Table of Contents
QuEST can be used in your C or C++ code, simply by including
#include <QuEST.h>
Independent of which platform you'll run your simulation on (multicore CPUS, a GPU, or over a network), your QuEST code will look the same, compile with the same makefile, and use the same API.
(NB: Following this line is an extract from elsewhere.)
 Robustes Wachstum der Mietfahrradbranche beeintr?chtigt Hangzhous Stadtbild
Here's a simulation of a very simple circuit which measures .
#include <QuEST.h>
int main(int narg, char *varg[]) {
// load QuEST
QuESTEnv env = createQuESTEnv();
// create 2 qubits in the hadamard state
Qureg qubits = createQureg(2, env);
initPlusState(qubits);
// apply circuit
hadamard(qubits, 0);
controlledNot(qubits, 0, 1);
measure(qubits, 1);
// unload QuEST
destroyQureg(qubits, env);
destroyQuESTEnv(env);
return 0;
}
Of course, this code doesn't output anything!
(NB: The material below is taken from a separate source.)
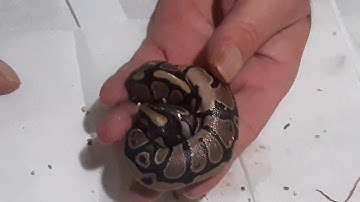 How to litigatie your ball pythons umbilical cord😱🤔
Let's walk through a more sophisticated circuit.
We first construct a quest environment, which abstracts away any preparation of multithreading, distribution or GPU-acceleration strategies.
QuESTEnv env = createQuESTEnv();
We then create a quantum register, in this case of 3 qubits.
Qureg qubits = createQureg(3, env);
and set it to be in the zero state.
initZeroState(qubits);
We can create multiple Qureg
instances, and QuEST will sort out allocating memory for the state-vectors, even over networks! Note we can replace createQureg
with createDensityQureg
, a more powerful density matrix representation which can store mixed states!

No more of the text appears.